■ Record extracts:
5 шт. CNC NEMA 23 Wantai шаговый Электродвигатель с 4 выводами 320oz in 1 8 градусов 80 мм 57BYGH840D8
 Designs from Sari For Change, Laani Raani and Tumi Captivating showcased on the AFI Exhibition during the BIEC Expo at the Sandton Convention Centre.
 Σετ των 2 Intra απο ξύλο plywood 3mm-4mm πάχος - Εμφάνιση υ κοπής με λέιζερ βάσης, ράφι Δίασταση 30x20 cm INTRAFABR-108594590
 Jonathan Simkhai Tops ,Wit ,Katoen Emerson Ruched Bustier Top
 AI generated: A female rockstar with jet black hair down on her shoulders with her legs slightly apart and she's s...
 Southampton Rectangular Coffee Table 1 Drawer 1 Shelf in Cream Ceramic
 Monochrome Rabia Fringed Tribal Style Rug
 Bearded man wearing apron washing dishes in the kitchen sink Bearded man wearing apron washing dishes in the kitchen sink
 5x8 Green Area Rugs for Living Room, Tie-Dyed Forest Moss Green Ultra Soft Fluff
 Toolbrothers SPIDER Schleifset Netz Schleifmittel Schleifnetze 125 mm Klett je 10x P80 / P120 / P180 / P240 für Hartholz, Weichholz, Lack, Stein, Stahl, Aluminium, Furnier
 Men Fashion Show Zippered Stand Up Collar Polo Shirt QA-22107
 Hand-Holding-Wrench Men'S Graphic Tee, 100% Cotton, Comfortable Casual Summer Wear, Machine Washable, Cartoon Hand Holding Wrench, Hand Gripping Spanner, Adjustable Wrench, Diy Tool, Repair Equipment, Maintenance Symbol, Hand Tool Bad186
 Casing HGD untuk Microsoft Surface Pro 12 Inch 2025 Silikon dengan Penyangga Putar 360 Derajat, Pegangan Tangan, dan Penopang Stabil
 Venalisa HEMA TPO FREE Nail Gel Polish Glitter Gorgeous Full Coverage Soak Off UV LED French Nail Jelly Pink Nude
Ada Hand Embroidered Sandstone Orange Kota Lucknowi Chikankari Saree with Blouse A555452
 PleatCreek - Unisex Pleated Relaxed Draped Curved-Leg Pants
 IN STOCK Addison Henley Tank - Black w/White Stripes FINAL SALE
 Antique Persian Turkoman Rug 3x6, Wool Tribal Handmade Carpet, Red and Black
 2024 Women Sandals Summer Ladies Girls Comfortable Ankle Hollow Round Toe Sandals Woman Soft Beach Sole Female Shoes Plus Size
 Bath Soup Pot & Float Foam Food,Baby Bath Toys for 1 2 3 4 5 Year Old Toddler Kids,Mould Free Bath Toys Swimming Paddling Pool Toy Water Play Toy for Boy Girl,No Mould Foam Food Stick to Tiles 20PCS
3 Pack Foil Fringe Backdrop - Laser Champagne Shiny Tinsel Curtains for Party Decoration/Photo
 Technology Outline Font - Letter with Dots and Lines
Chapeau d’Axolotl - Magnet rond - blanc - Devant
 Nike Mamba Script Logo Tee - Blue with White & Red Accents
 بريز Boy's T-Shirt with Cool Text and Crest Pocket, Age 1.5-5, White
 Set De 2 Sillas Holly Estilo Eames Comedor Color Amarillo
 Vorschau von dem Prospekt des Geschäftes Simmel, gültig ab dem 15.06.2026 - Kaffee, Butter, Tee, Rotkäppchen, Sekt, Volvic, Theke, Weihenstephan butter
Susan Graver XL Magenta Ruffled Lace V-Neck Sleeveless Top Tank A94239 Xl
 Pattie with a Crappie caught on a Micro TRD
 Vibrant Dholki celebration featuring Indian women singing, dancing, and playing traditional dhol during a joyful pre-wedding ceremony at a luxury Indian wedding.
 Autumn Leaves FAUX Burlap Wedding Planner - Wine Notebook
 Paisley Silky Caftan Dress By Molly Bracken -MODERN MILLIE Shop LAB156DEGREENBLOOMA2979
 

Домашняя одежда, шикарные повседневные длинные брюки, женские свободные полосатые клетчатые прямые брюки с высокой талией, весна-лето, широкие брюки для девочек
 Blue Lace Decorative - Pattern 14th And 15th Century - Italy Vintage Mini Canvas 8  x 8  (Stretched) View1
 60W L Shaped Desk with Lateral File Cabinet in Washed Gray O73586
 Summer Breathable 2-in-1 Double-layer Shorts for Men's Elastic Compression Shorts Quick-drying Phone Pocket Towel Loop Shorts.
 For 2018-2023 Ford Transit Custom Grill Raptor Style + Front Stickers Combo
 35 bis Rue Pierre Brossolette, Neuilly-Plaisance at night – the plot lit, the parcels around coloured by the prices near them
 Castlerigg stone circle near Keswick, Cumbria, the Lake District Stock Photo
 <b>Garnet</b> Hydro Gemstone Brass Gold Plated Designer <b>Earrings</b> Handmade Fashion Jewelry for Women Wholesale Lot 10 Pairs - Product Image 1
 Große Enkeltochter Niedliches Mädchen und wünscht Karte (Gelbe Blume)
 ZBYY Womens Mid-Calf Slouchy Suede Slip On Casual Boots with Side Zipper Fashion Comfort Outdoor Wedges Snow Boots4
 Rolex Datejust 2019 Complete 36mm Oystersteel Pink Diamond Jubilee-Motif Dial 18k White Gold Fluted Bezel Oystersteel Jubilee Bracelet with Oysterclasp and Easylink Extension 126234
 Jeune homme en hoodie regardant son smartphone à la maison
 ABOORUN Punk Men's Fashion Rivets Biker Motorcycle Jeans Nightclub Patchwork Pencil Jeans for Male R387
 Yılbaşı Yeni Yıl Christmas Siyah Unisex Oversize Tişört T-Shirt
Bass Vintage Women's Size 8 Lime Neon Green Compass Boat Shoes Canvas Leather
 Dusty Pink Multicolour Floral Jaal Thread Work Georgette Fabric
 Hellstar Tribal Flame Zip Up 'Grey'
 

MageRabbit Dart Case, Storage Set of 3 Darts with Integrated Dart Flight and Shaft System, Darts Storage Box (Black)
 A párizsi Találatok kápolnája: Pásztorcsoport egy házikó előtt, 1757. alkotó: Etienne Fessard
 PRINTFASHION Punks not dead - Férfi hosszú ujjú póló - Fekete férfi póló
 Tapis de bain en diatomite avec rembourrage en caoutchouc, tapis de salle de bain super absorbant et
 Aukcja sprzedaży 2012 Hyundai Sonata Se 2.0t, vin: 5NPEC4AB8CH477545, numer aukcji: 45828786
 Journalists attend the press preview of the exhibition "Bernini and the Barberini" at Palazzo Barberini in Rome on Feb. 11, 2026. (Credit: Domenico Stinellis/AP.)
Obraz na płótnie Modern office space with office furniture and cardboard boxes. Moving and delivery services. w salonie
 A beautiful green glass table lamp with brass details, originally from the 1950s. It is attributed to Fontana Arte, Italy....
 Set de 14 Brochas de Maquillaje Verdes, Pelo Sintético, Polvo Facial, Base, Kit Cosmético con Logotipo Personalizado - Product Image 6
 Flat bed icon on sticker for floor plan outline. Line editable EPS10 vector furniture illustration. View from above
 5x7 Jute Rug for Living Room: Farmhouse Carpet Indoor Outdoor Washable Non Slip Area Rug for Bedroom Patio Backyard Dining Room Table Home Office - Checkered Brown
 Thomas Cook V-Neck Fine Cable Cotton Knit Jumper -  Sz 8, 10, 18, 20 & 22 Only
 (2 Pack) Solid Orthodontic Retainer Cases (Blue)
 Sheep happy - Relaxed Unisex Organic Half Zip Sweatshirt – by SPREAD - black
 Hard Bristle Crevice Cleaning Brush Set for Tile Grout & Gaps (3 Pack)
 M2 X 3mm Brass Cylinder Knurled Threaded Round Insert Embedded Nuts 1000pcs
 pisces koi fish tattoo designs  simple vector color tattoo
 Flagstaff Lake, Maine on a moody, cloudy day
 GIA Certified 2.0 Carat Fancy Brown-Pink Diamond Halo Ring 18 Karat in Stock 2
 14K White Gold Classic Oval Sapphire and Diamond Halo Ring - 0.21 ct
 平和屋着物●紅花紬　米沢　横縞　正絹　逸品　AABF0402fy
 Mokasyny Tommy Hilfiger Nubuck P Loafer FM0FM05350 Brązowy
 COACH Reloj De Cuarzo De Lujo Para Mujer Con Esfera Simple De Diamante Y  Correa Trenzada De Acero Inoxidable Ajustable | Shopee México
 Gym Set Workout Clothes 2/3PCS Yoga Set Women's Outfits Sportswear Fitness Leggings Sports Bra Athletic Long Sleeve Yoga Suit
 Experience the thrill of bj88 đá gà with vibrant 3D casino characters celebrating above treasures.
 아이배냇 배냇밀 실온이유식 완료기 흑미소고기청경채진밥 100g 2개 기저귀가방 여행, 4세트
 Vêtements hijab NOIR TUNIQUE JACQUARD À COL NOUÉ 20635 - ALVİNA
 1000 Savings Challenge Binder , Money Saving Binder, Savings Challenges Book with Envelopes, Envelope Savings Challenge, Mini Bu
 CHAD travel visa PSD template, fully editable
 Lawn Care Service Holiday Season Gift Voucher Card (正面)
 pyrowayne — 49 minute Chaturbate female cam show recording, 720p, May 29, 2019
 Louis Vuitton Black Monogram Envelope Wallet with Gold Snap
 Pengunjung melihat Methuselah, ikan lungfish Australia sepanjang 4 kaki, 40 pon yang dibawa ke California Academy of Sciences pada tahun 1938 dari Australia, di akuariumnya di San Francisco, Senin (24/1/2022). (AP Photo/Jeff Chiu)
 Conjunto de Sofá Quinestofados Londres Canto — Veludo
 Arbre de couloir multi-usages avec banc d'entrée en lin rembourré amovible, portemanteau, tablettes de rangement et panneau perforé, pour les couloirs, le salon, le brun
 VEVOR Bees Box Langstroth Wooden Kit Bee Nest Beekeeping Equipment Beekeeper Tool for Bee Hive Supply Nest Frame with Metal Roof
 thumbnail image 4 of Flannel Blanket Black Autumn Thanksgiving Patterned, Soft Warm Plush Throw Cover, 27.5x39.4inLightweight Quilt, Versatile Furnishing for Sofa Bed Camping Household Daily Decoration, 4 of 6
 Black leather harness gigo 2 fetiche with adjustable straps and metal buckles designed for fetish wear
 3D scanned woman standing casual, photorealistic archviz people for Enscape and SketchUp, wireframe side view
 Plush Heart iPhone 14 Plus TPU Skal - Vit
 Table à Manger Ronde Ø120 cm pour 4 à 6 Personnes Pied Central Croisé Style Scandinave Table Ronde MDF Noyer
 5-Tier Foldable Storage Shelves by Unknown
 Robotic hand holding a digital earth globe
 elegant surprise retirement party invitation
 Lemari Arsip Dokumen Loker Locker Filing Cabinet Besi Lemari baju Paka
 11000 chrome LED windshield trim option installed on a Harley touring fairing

■ Task prompt: Please copy, exactly and with nothing else, the lines above beginning at the line that has "thumbnail image 4" and ending with the line that has "3D scanned woman".

■ Exercise answer:
 thumbnail image 4 of Flannel Blanket Black Autumn Thanksgiving Patterned, Soft Warm Plush Throw Cover, 27.5x39.4inLightweight Quilt, Versatile Furnishing for Sofa Bed Camping Household Daily Decoration, 4 of 6
 Black leather harness gigo 2 fetiche with adjustable straps and metal buckles designed for fetish wear
 3D scanned woman standing casual, photorealistic archviz people for Enscape and SketchUp, wireframe side view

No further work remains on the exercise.